Short Answer: Maybe.
Long Answer:
If there are very few different values in deleted_at
, MySQL will not use INDEX(deleted_at)
.
If there are a not of different non-null dates in deleted_at
, MySQL will use INDEX(deleted_at)
.
Most of the discussion (so far) has failed to bring the cardinality of this single-column index into consideration.
Note: This is not the same as a 2-value flag such as is_deleted
. It is useless to have a single-column index on such.
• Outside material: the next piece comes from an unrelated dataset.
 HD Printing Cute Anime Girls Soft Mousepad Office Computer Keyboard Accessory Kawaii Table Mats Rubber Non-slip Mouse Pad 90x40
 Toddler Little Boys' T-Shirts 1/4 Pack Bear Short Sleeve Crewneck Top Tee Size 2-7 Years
More discussion (from MySQL point of view)
https://laravel.com/docs/5.2/eloquent#soft-deleting says
Now, when you call the delete method on the model, the deleted_at column will be set to the current date and time. And, when querying a model that uses soft deletes, the soft deleted models will automatically be excluded from all query results.
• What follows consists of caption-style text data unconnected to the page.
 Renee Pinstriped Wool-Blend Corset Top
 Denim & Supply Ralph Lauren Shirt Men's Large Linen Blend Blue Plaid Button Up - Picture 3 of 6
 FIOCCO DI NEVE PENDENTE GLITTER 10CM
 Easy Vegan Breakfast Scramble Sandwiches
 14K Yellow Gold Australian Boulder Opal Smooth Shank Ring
From that, I assume this is occurring in the table definition:
deleted_at DATETIME NULL -- (or TIMESTAMP NULL)
And the value is initialized (explicitly or implicitly) to NULL
.
Case 1: Lots of new rows, none yet 'deleted': All the deleted_at
values are NULL
. In this case, the Optimizer will shun INDEX(deleted_at)
as not helping. In fact using the index would hurt because it would cost more to go through the entire index and the data. It would be cheaper to ignore the index and simply assume all rows are candidates for being SELECTed
.
Case 2: A few rows (out of many) have been deleted: Now deleted_at
has multiple values. Although Laravel only cares about IS NULL
vs IS NOT NULL
, MySQL sees it as a multi-valued column. But, since the test is for IS NULL
and most rows are still NULL
, the Optimizer's reaction is the same as for Case 1.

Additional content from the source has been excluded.